Homme engagé, il soutient le parti de centre gauche de Walter Veltroni, il l’est aussi dans ses compositions.  Il compose la musique martiale de La Bataille d’Alger (1966) de Gillo Pontecorvo, longtemps interdit en France. C’est lui aussi qui demande à la chanteuse et activiste Joan Baez de participer au film Sacco et Vanzetti de Giuliano Montaldo (1971).
 


Il orchestrera la chanson titre "Here's to you" dont les paroles sont de Joan Baez, qui deviendra un hymne du mouvement pour les droits civiques.

En France, il collaborera avec Henri Verneuil avec l'innénarable Clan des siciliens en 1969 et Le Casse en 1971. Philippe Labro s'offre Ennio Morricone pour son deuxième film Sans mobile apparent, un thriller avec un casting de rêve : Jean-Louis Trintignant, Stéphane Audran, Jean-Pierre Marielle... Morricone y fera appel une nouvelle fois à Alessandro Alessandroni pour siffler le thème du générique :
 

L’académie lui octroie un oscar pour l’ensemble de sa carrière en 2007, mais c’est grâce au film de Tarantino The hateful eight qu’il le remportera en 2016. Il dédiera les deux récompenses à sa femme Maria, rencontrée en 1950, qui cèdera finalement à sa cour pressante en 1956. Elle a été le seul et grand amour de sa vie.
 
Maria et Ennio Morricone
Ennio Morricone et sa femme Maria Tavia au parc à thème sur le cinéma de Cinecittà près de Rome, le 10 juillet 2014.
 
© AP Photo/Domenico Stinellis

"C’était une amie de ma sœur Adriana.
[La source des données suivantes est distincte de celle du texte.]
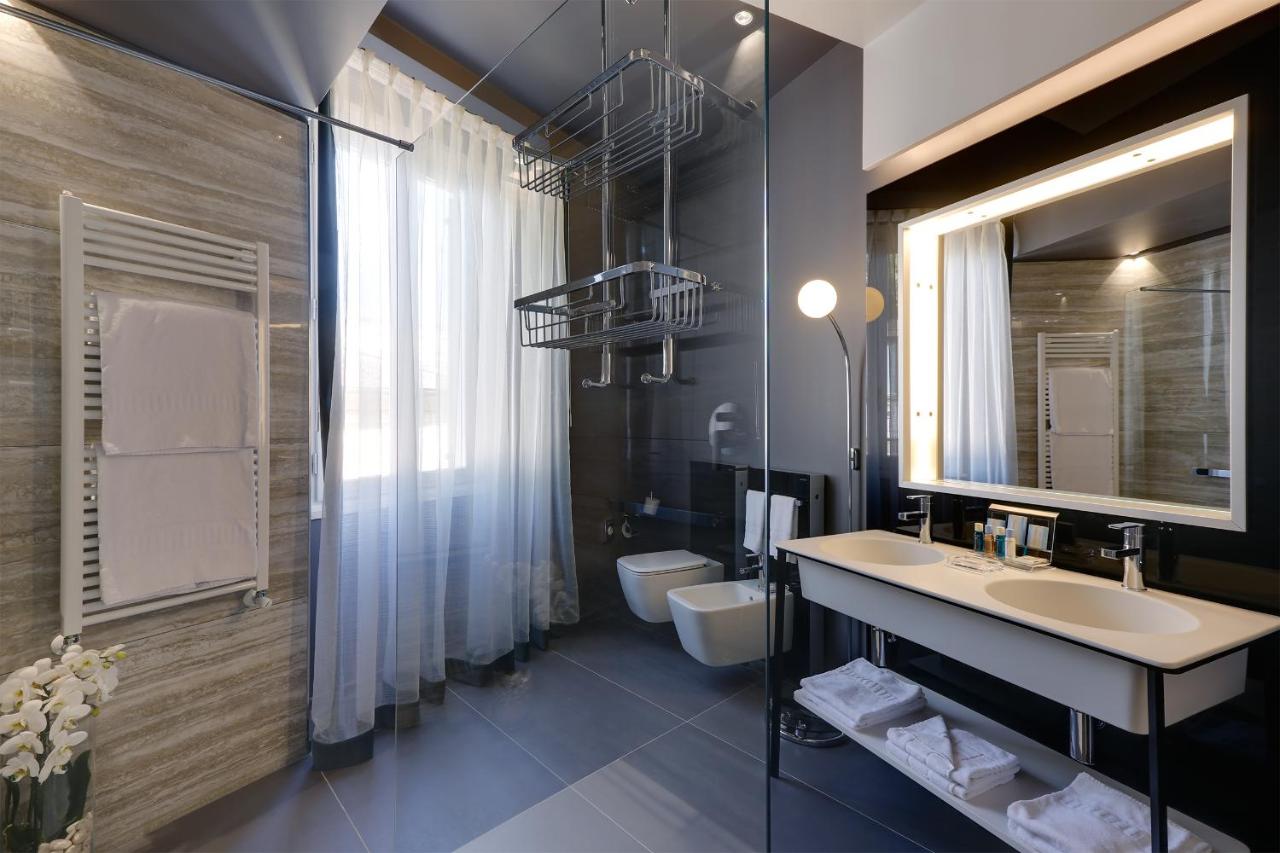 een badkamer met een wastafel, een toilet en een spiegel bij Stendhal Luxury Suites in Rome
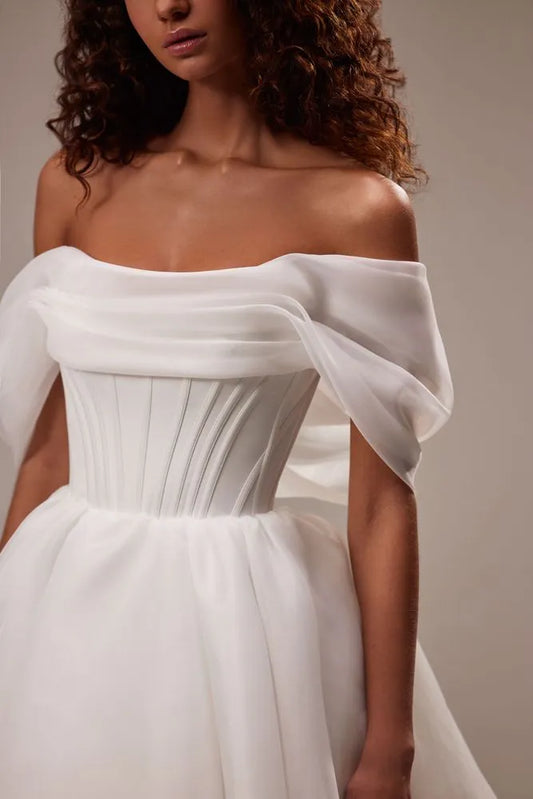 Spectacular off-the-shoulder mini dress cut from flowy organza. Featuring a boned heart-shaped corset with a lace-up closure on the back, and a cute flaring mini skirt.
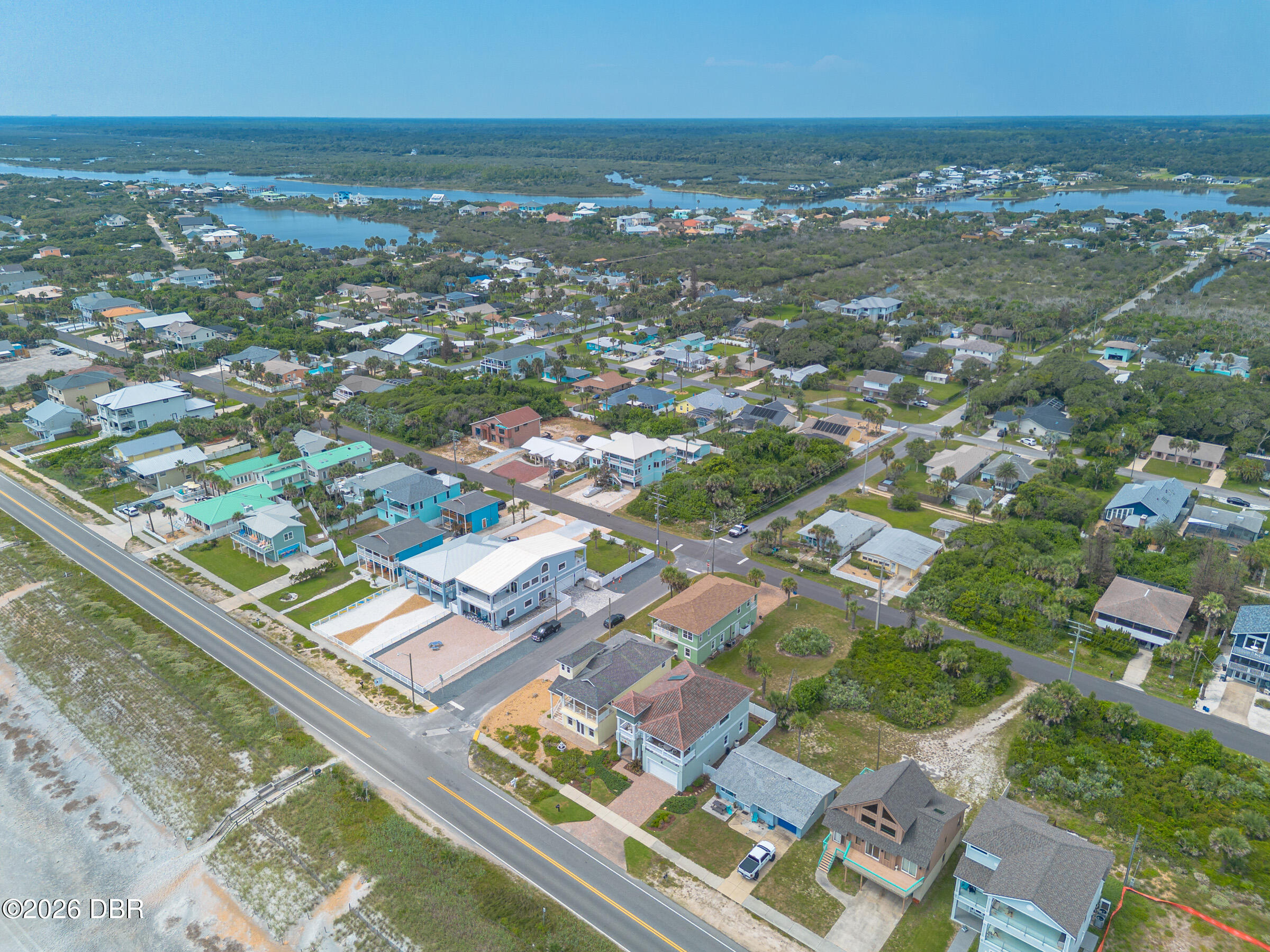 Aerial view of coastal homes along Ocean Shore Boulevard, with the beach road and waterways inland.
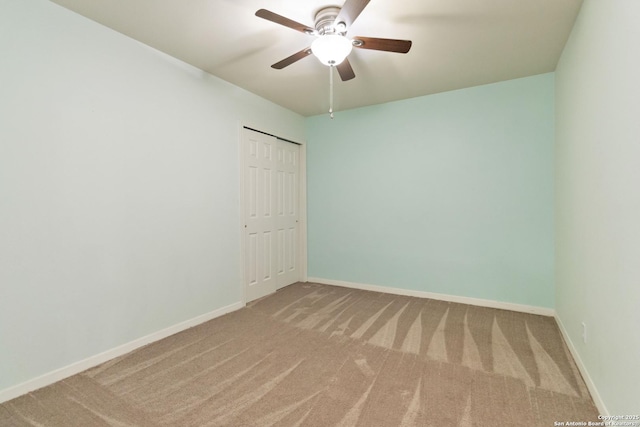 carpeted empty room featuring baseboards and a ceiling fan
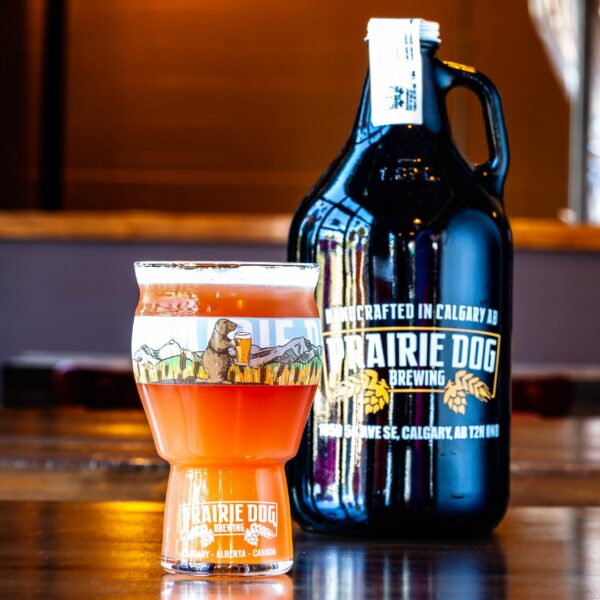 Prairie Dog Brewing and Hubtown Brewery's Berry Manly collaboration fruited Belgian-style blonde ale in a branded 16-oz US pint glass with a 64-oz branded growler in the background.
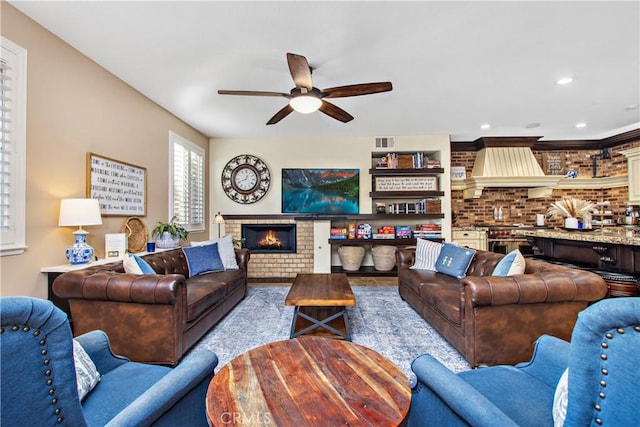 living room featuring ceiling fan and brick wall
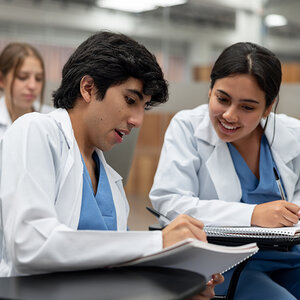 Two health sciences students sitting together during a class. Two health sciences students sitting together during a class.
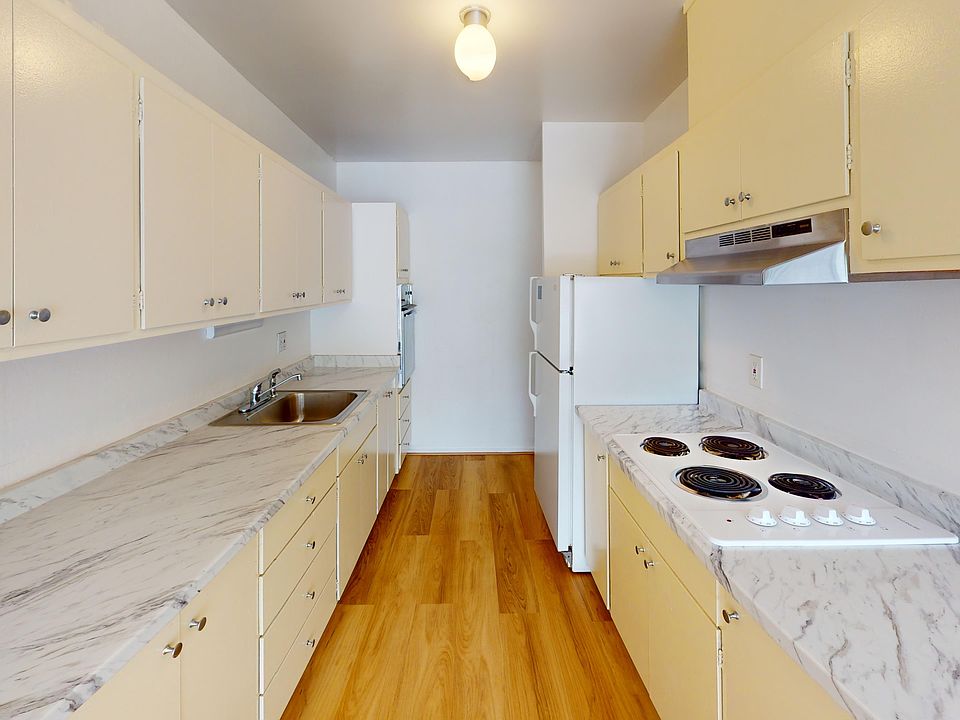 Kitchen with multiple cabinets, refrigerator, stove, range hood, and sink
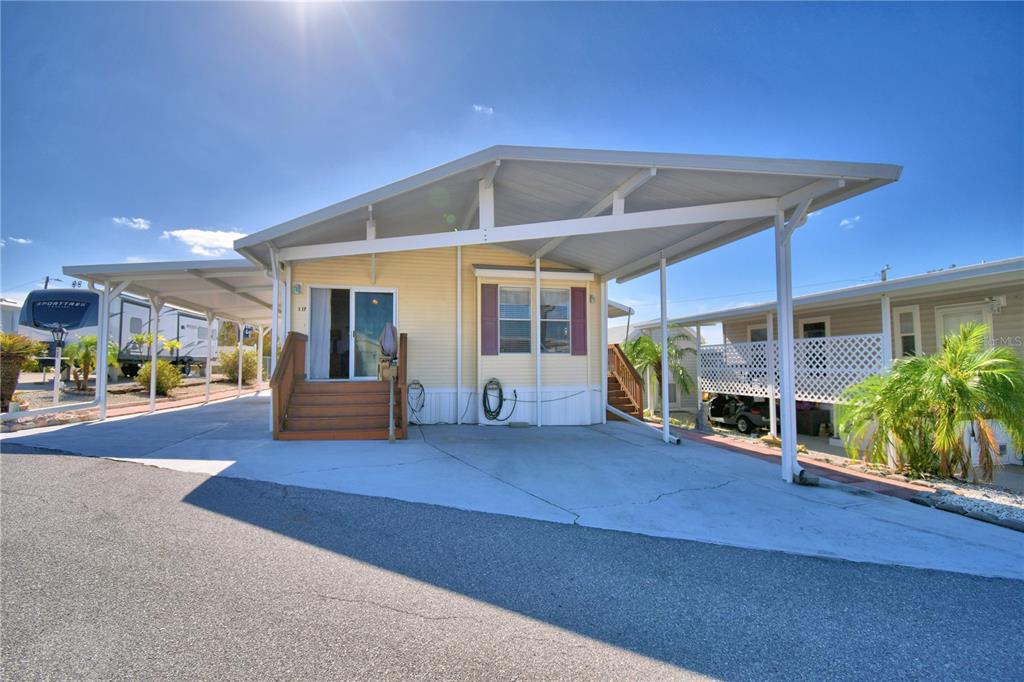 A yellow manufactured home with a large attached carport and concrete driveway — 251 PATTERSON ROAD UNIT I17, HAINES CITY, FL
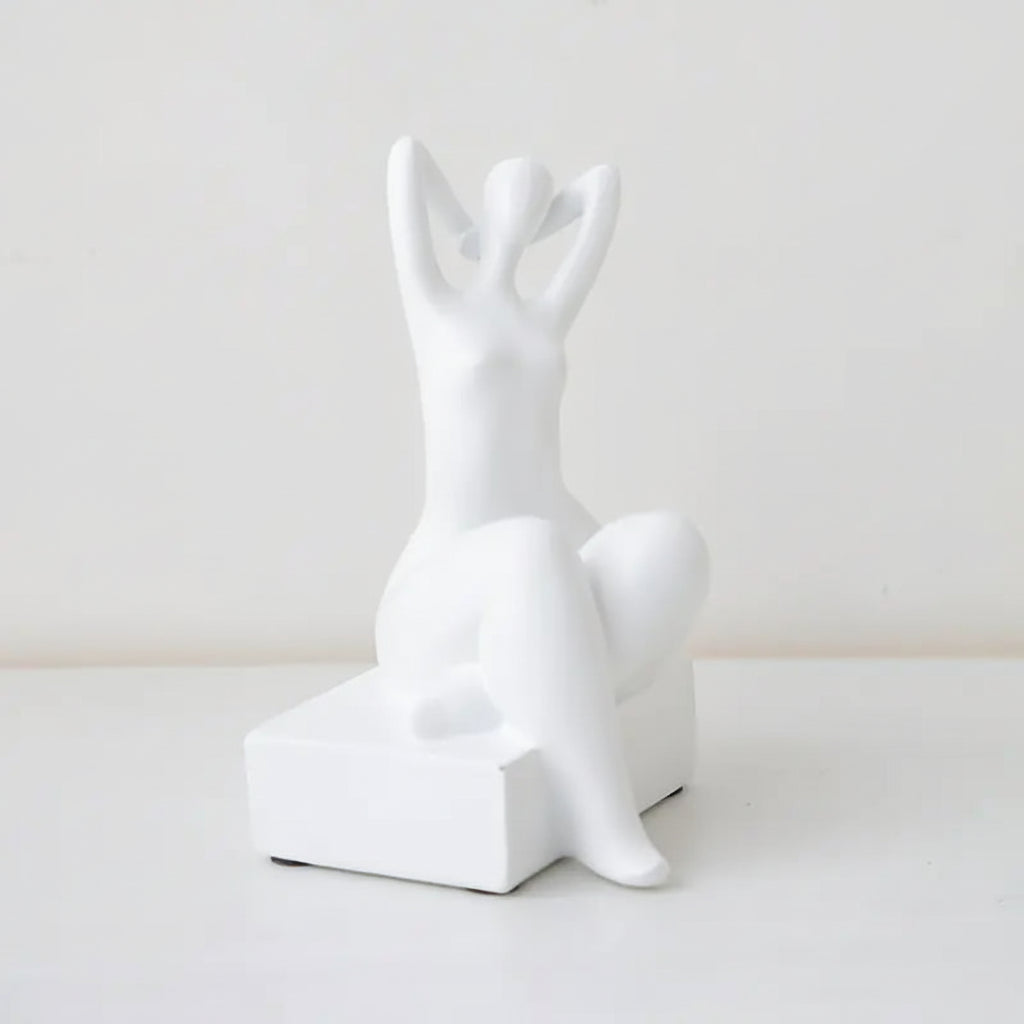 A black minimalist bookend decor in the shape of a figure sitting with their hands behind their head. Dimensions are shown: 21 cm in height, 10 cm in width, and 10 cm in depth.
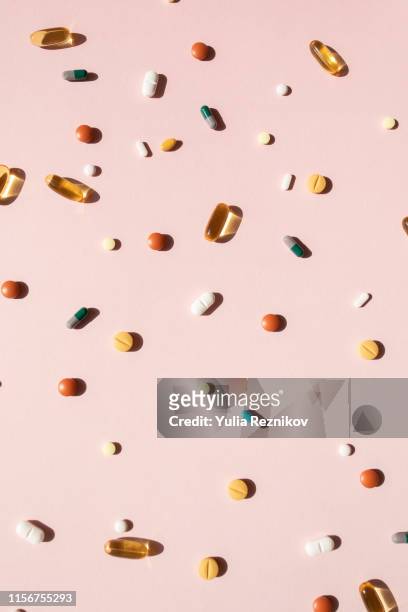 top view of various pills and tablets on the pink background - complément vitaminé photos et images de collection
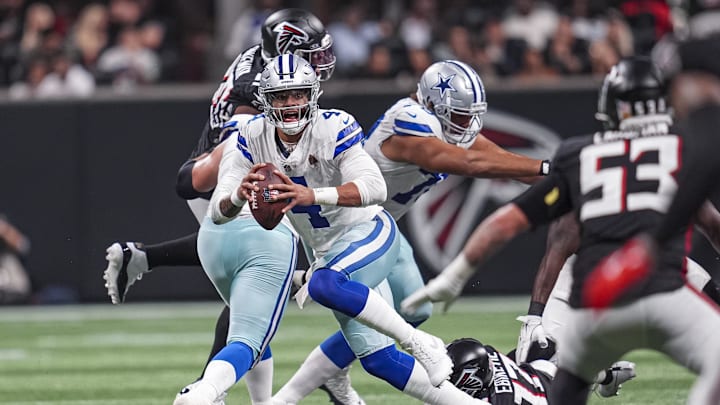 Dak Prescott runs out of the pocket against the Atlanta Falcons during the second half at Mercedes-Benz Stadium. 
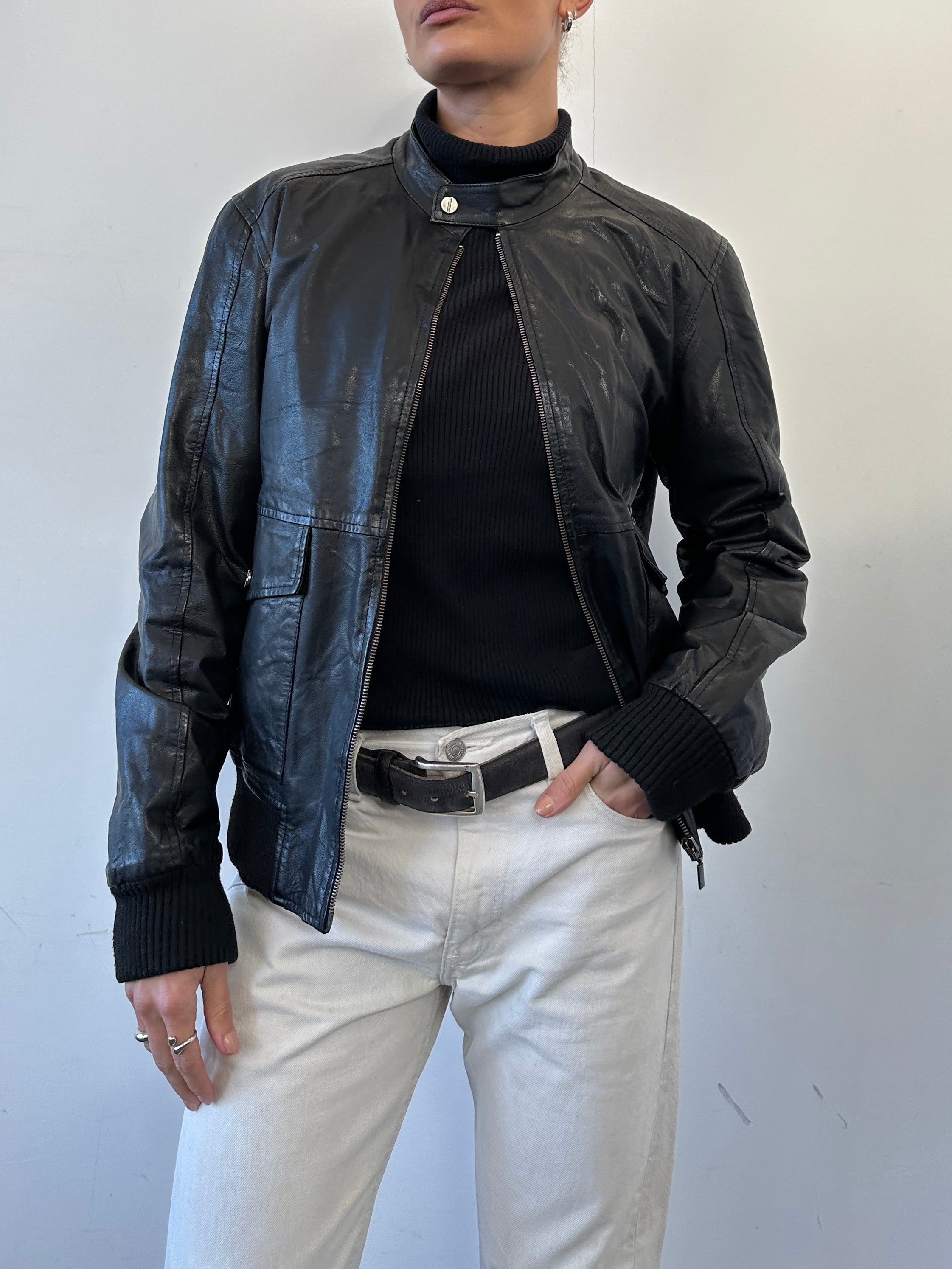 Conbipel Moto Leather Bomber Jacket in black, featuring classic collar, zip closure, and fitted design, size S/M.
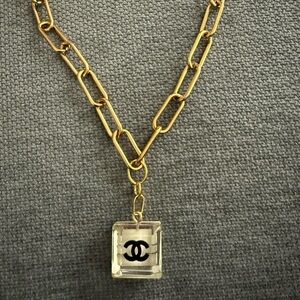 Square Resin Black Logo Pendant on Gold Paperclip Chain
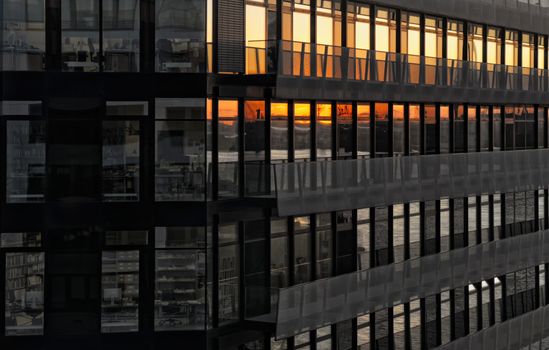 Urban building facade reflecting a beautiful sunset in the windows.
Elle m’a tout de suite plu, mais moi beaucoup moins. Et puis Maria eut un accident avec la voiture de son père. Un instant d’inattention et elle s’est plantée. Ils la plâtrèrent entièrement comment on faisait à l’époque. Elle souffrait énormément. Et moi je suis resté auprès d’elle. Et ainsi, jour après jour, une goutte après l’autre, elle est tombée amoureuse de moi. Parce qu’en amour comme dans l’art, la persévérance est tout. Je ne sais pas si le coup de foudre existe, ou l’intuition surnaturelle. Mais je suis sûr d’une chose : la durée, la cohérence, le sérieux, tenir dans le temps, ça existe. Et bien sûr, la fidélité. En tous les cas, nous nous sommes fiancés. Et nous nous sommes mariés le 13 octobre 1956."

La Cinémathèque française, à Paris, lui avait consacré une restrospective en novembre 2018 à l'occasion de son 90ème anniversaire. Pour cet anniversaire, il réalise un long entretien chez lui, dans son appartement romain, avec le réalisateur qui l'a le plus aimé, Giuseppe Tornatore, entretien qui a donné lieu à un livre, pas encore traduit en français, "Ennio un maestro", dans lequel il confiait :

"S'il y a un secret, cherche-le dans le silence. Parce que le silence est musique, autant que les sons, peut-être plus. Si tu veux entrer dans le cœur de ma musique, cherche dans les vides, dans les pauses. Chaque son est uniquement la pause d'un silence. Ma musique part d'ici, de cette idée. Et de deux géants, Johann Sebastian Bach et Igor Stravinsky."